#### Task description
Nothing but the lines from the first line of the records below to the line holding "(Gwinnett County), US.<br />" belongs in the answer, copied exactly and without pictures.

[Items from a dataset]
____
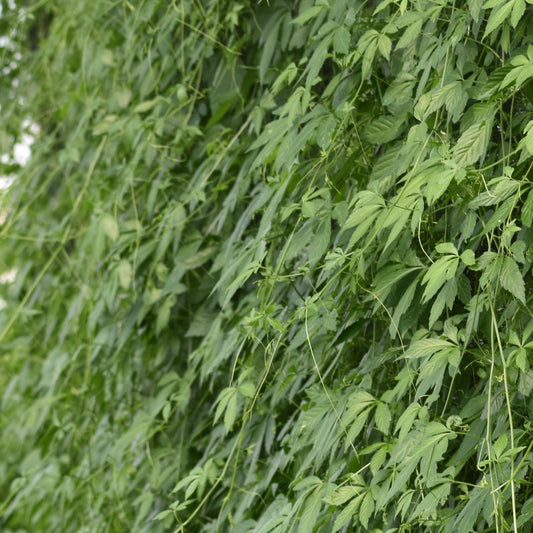 Jiao Gu Lan spagyric extract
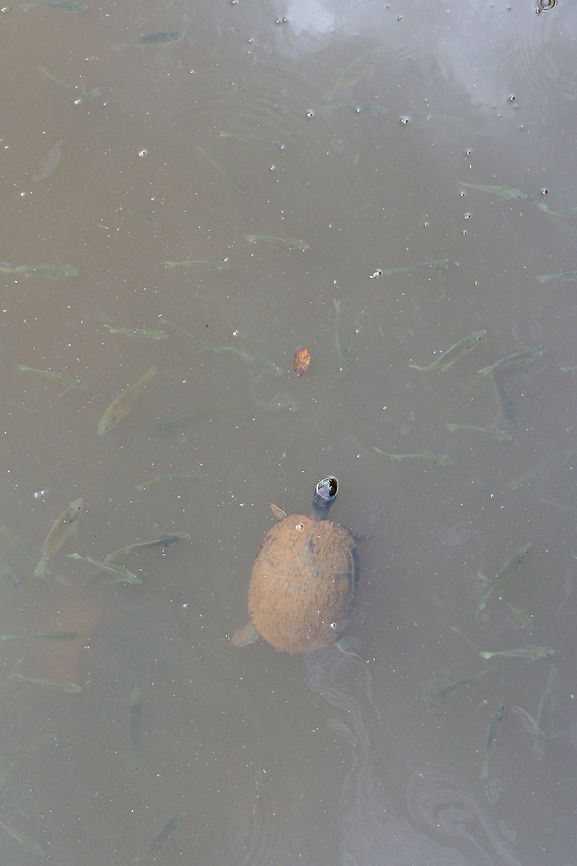Yellow-Bellied Pond Sliders (Trachemys scripta scripta) In a wetland habitat in NW Georgia (GwinnettCounty), US.<br />
<figure class="photo"><a href="https://www.jungledragon.com/image/64889/yellow-bellied_pond_sliders_trachemys_scripta_scripta.html" title="Yellow-Bellied Pond Sliders (Trachemys scripta scripta)"><img src="https://s3.amazonaws.com/media.jungledragon.com/images/3231/64889_thumb.jpg?AWSAccessKeyId=05GMT0V3GWVNE7GGM1R2&Expires=1767225610&Signature=2rs6XrVtroRaTWRhM%2BC%2F%2F3nivW4%3D" width="200" height="134" alt="Yellow-Bellied Pond Sliders (Trachemys scripta scripta) In a wetland habitat in NW Georgia (Gwinnett County), US.<br />
https://www.jungledragon.com/image/64891/yellow-bellied_pond_sliders_trachemys_scripta_scripta.html<br />
https://www.jungledragon.com/image/64890/yellow-bellied_pond_sliders_trachemys_scripta_scripta.html Geotagged,Summer,Trachemys scripta scripta,United States,Yellow Bellied Slider,wetland,wetlands" /></a></figure><br />
<figure class="photo"><a href="https://www.jungledragon.com/image/64890/yellow-bellied_pond_sliders_trachemys_scripta_scripta.html" title="Yellow-Bellied Pond Sliders (Trachemys scripta scripta)"><img src="https://s3.amazonaws.com/media.jungledragon.com/images/3231/64890_thumb.jpg?AWSAccessKeyId=05GMT0V3GWVNE7GGM1R2&Expires=1767225610&Signature=L9wA%2FEEl81dlR8mRgKfax7G3Azk%3D" width="200" height="134" alt="Yellow-Bellied Pond Sliders (Trachemys scripta scripta) In a wetland habitat in NW Georgia (GwinnettCounty), US.<br />
https://www.jungledragon.com/image/64891/yellow-bellied_pond_sliders_trachemys_scripta_scripta.html<br />
https://www.jungledragon.com/image/64889/yellow-bellied_pond_sliders_trachemys_scripta_scripta.html Geotagged,Summer,Trachemys scripta scripta,United States,Yellow Bellied Slider,wetland,wetlands" /></a></figure><br />
 Geotagged,Summer,Trachemys scripta scripta,United States,Yellow Bellied Slider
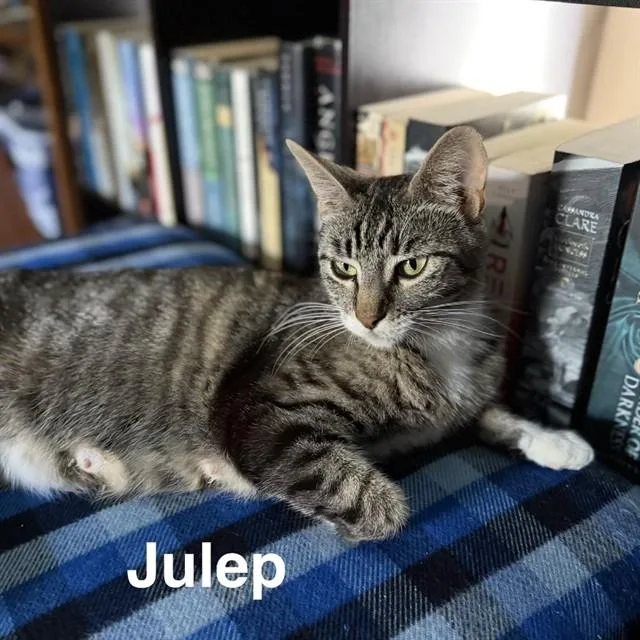 A young medium-sized female Domestic Short Hair cat named Juliep for adoption in Auburn, CA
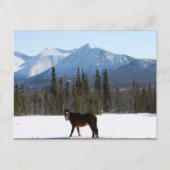 Wildes Pferd auf dem Alaska Highway Postkarte (Vorderseite)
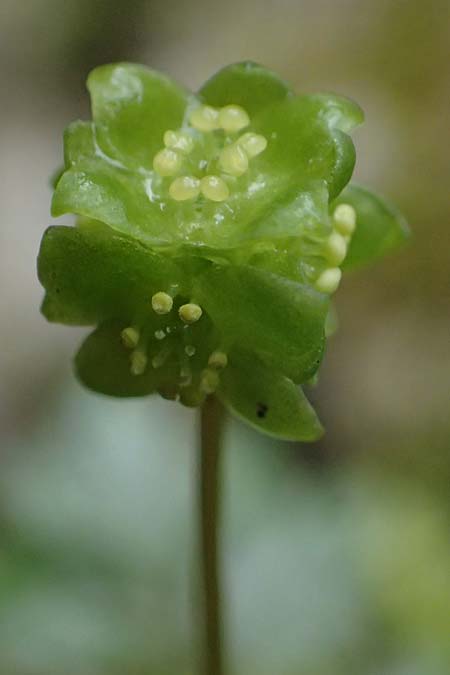 Adoxa moschatellina \ Moschuskraut / Moschatel, Town-Hall Clock, A Türnitz 6.5.2022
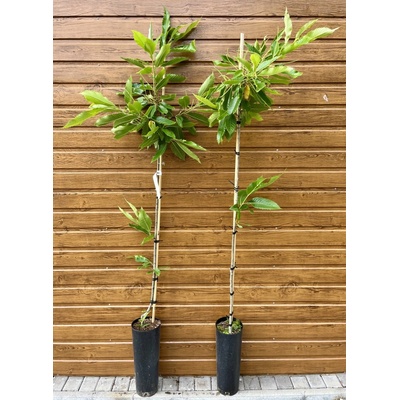 Gaštan jedlý (Castanea sativa ´Maraval´) veľkosť 130-160cm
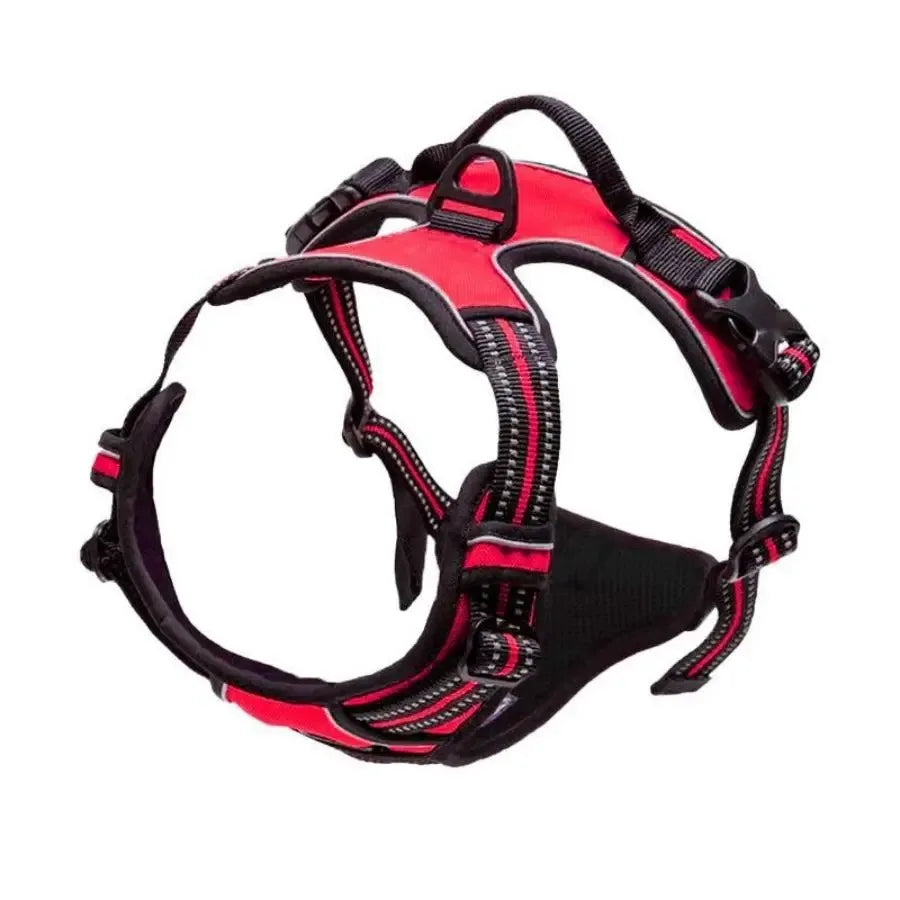 Harnais confort premium pour chien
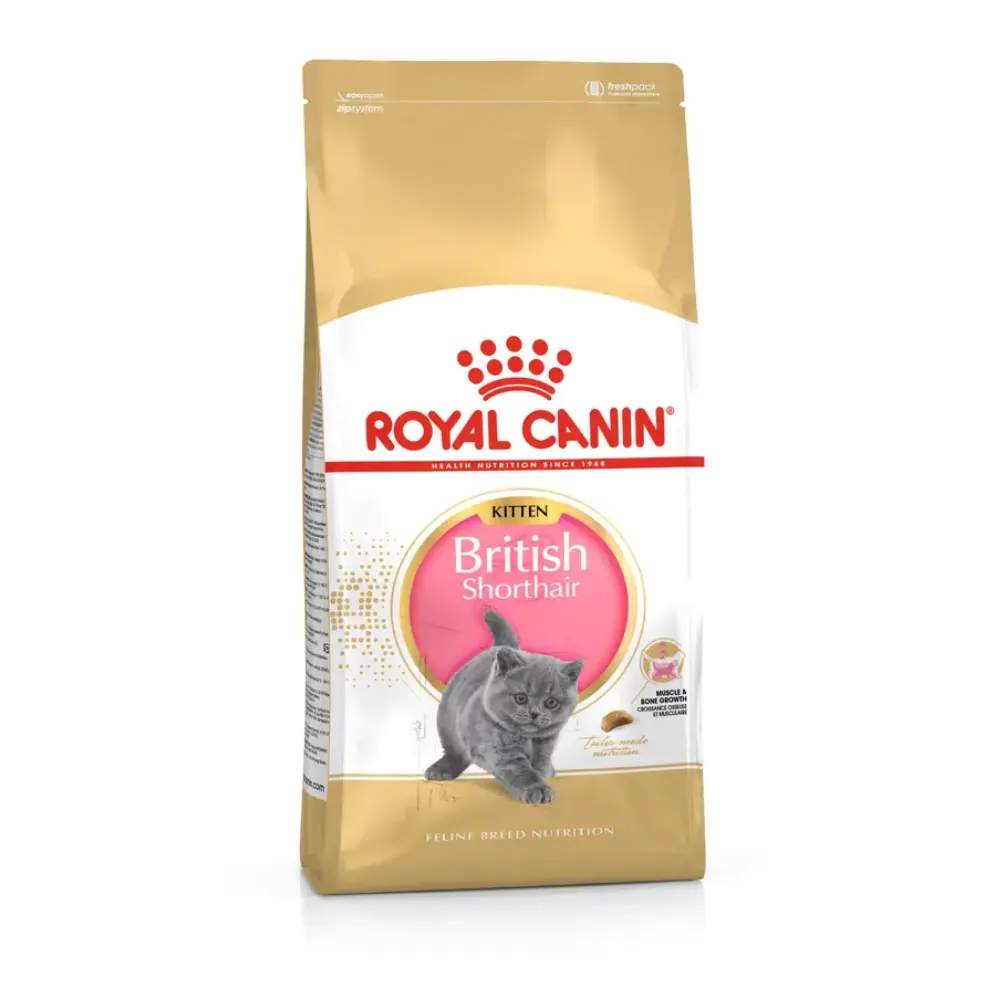 Royal Canin British Shorthair Kitten Yavru Kedi Maması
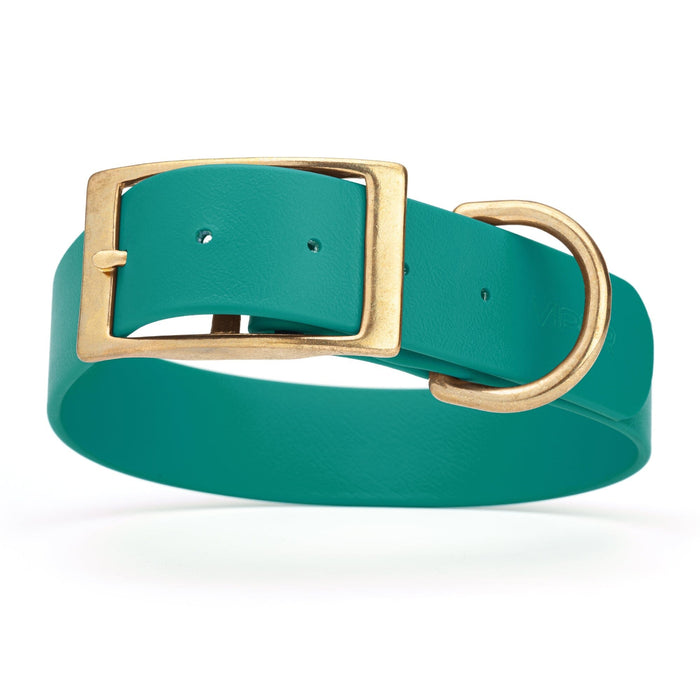 Aqua Blue dog collar with brass buckle and D-ring, made from waterproof Biothane, 1.5-inch wide, fits large and giant dogs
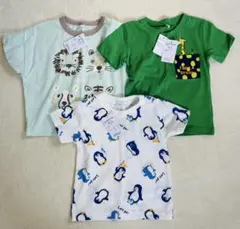 半袖Tシャツ 3枚セット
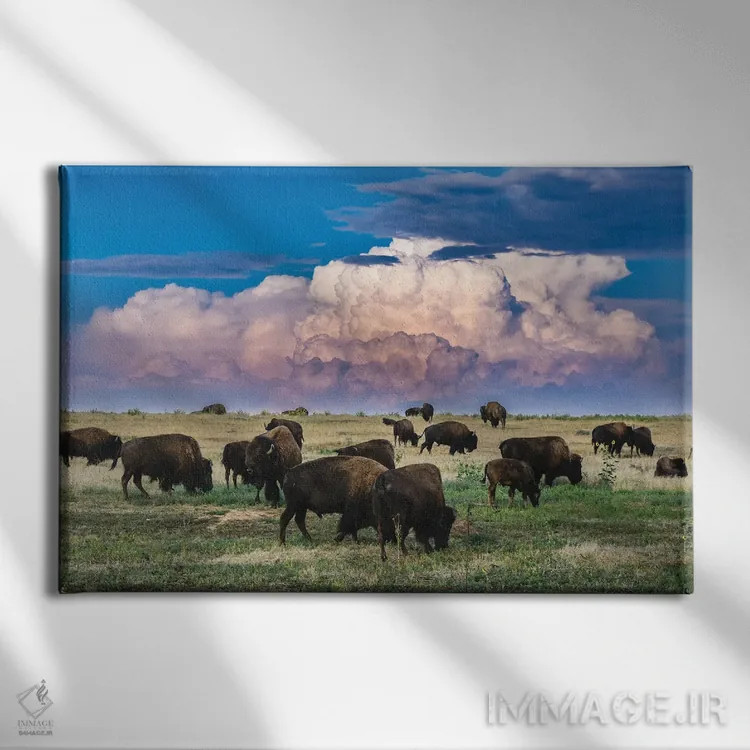 تابلو گله گاومیش کلرادو اثر کریستوفر توماس - نمای روبهرو روی دیوار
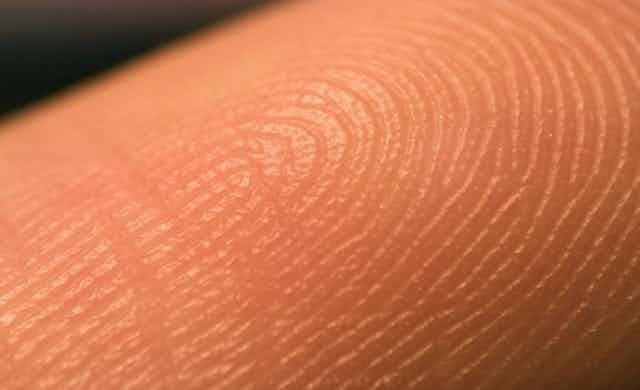 Поразительные тайны человеческого тела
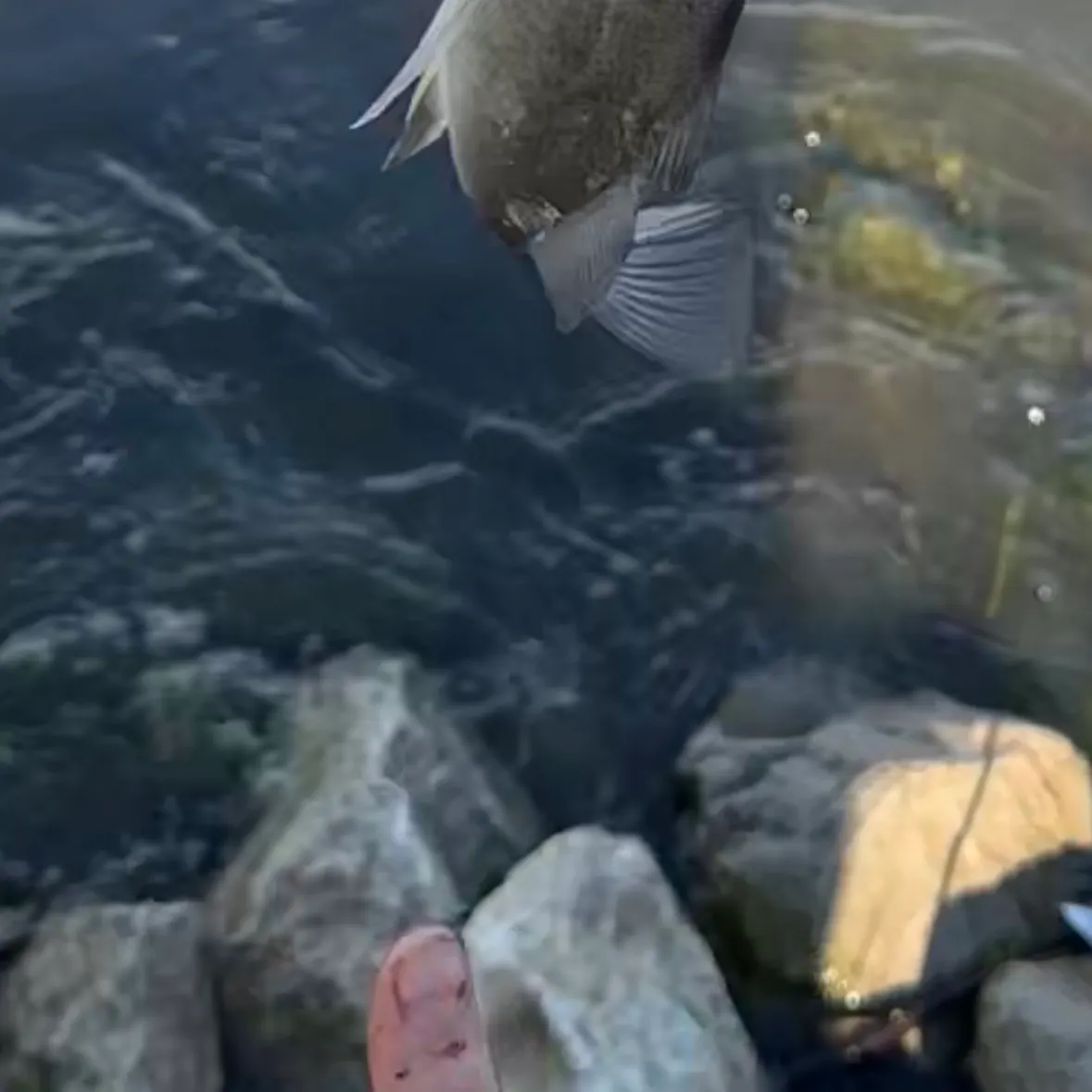 Freshwater drum caught on Fishbrain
____
#### Exercise response
 Jiao Gu Lan spagyric extract
Yellow-Bellied Pond Sliders (Trachemys scripta scripta) In a wetland habitat in NW Georgia (GwinnettCounty), US.<br />
<figure class="photo"><a href="https://www.jungledragon.com/image/64889/yellow-bellied_pond_sliders_trachemys_scripta_scripta.html" title="Yellow-Bellied Pond Sliders (Trachemys scripta scripta)"><img src="https://s3.amazonaws.com/media.jungledragon.com/images/3231/64889_thumb.jpg?AWSAccessKeyId=05GMT0V3GWVNE7GGM1R2&Expires=1767225610&Signature=2rs6XrVtroRaTWRhM%2BC%2F%2F3nivW4%3D" width="200" height="134" alt="Yellow-Bellied Pond Sliders (Trachemys scripta scripta) In a wetland habitat in NW Georgia (Gwinnett County), US.<br />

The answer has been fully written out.